MATERIAL FOR THIS TASK:
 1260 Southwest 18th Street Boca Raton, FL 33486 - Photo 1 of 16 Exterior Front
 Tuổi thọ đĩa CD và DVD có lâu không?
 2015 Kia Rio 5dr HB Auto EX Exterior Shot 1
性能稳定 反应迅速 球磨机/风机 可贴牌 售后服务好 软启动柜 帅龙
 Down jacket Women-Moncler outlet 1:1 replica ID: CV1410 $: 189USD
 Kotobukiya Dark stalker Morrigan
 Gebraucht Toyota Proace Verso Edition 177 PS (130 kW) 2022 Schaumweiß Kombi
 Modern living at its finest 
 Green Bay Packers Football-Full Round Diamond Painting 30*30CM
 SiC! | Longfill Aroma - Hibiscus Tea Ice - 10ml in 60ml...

==

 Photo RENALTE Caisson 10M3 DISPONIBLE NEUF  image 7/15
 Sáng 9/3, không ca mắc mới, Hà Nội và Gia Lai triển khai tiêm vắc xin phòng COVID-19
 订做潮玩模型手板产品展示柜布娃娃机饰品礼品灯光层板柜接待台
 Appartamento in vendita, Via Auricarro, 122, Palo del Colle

---

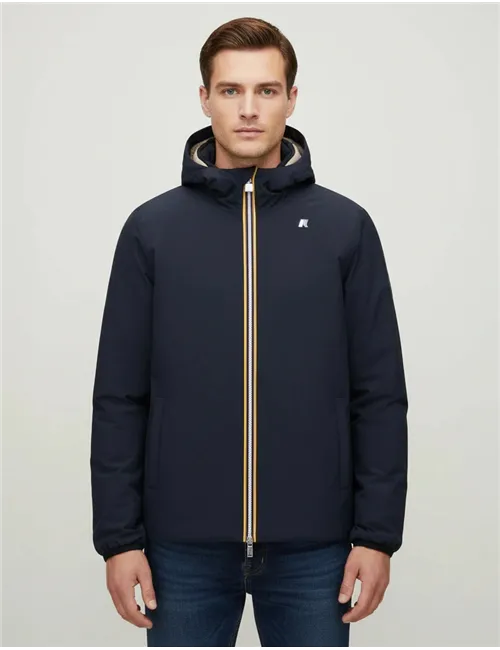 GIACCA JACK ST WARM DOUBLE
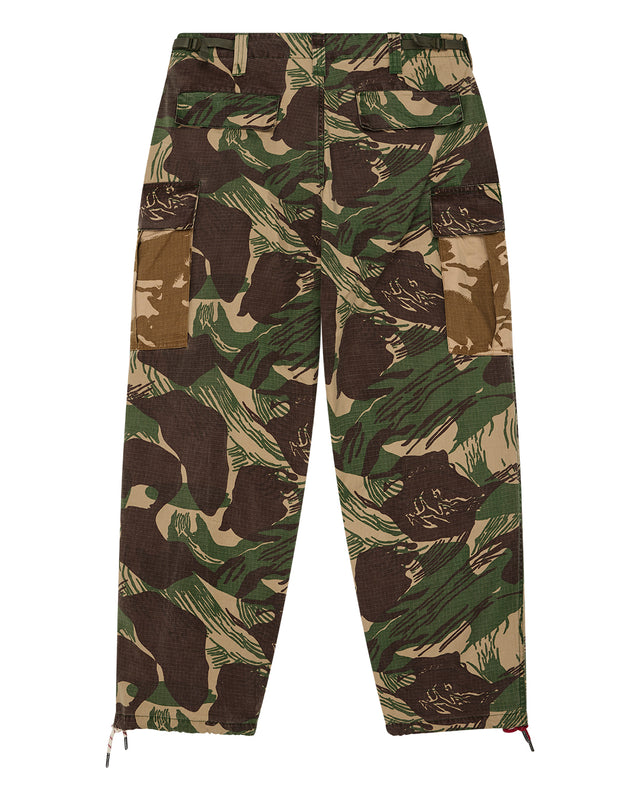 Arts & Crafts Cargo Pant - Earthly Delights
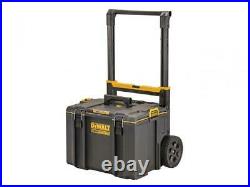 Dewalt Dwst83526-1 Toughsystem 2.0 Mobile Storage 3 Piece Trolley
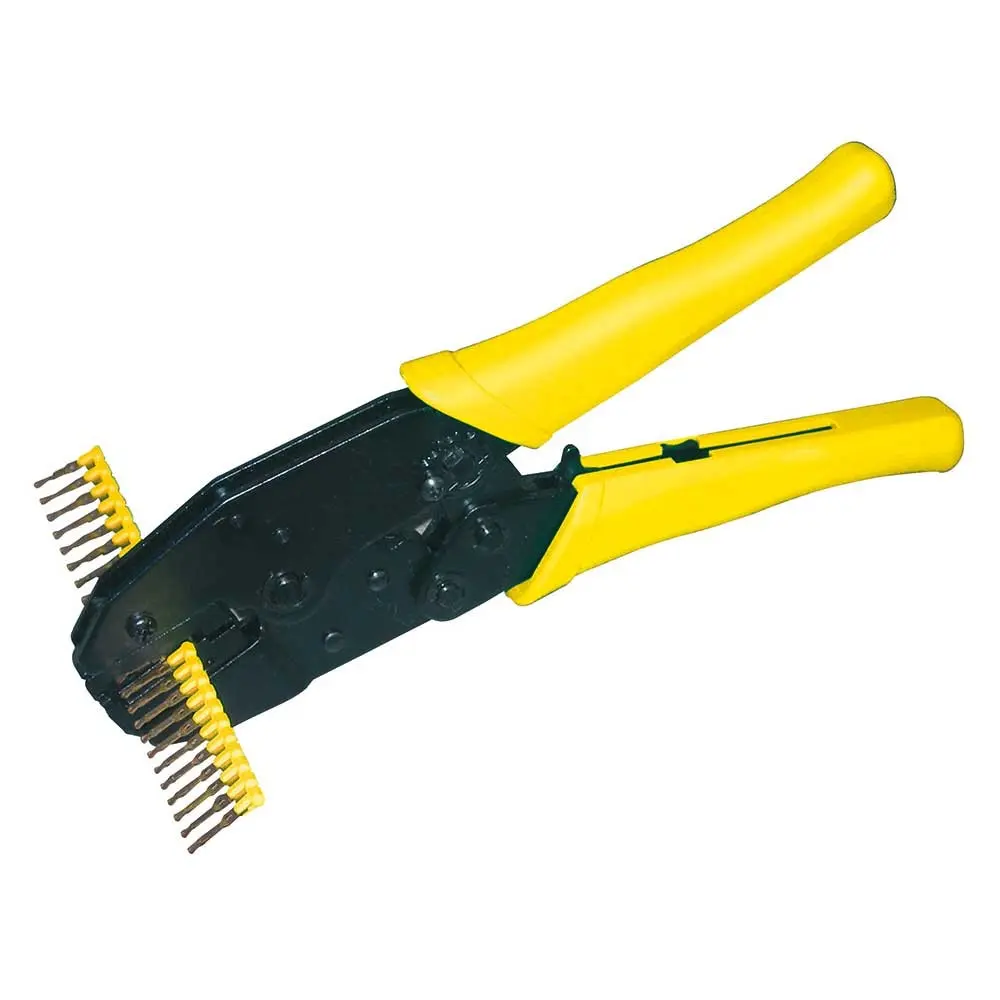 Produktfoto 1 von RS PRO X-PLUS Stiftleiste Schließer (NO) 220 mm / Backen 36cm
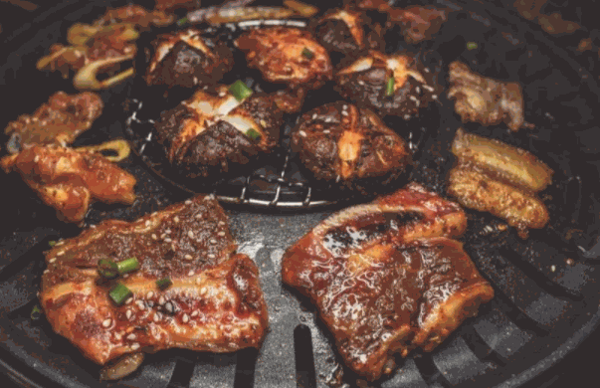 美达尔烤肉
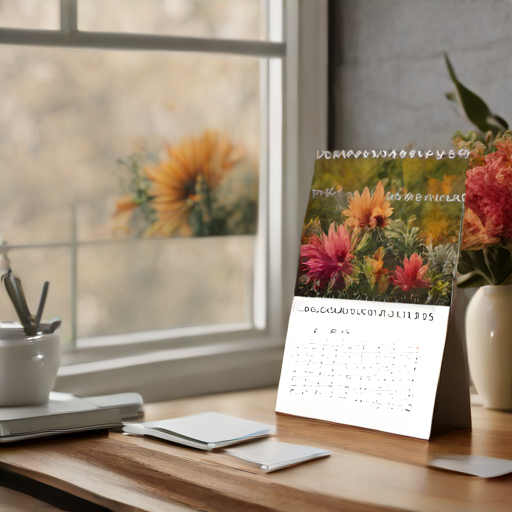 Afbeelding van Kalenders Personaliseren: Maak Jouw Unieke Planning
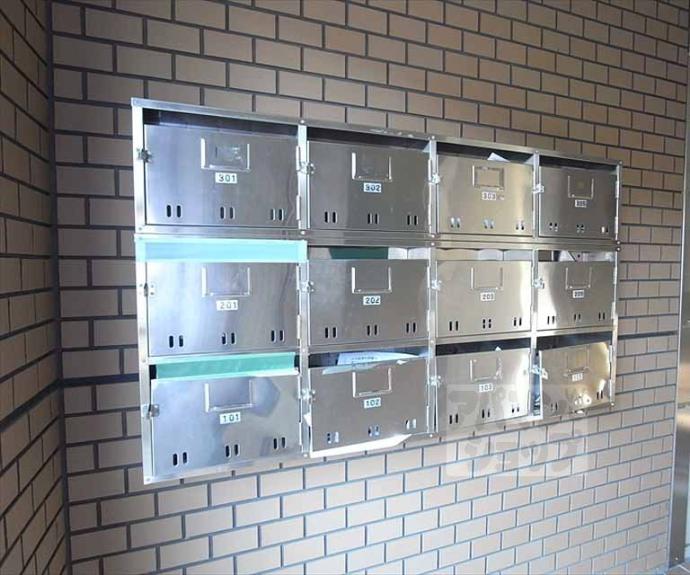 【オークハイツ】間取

WHAT NEEDS TO BE DONE: The required output is every line above from the one with "Gebraucht Toyota Proace" down to the one with "SiC! | Longfill", restated word for word, ends included.

ANSWER SECTION:
 Gebraucht Toyota Proace Verso Edition 177 PS (130 kW) 2022 Schaumweiß Kombi
 Modern living at its finest 
 Green Bay Packers Football-Full Round Diamond Painting 30*30CM
 SiC! | Longfill Aroma - Hibiscus Tea Ice - 10ml in 60ml...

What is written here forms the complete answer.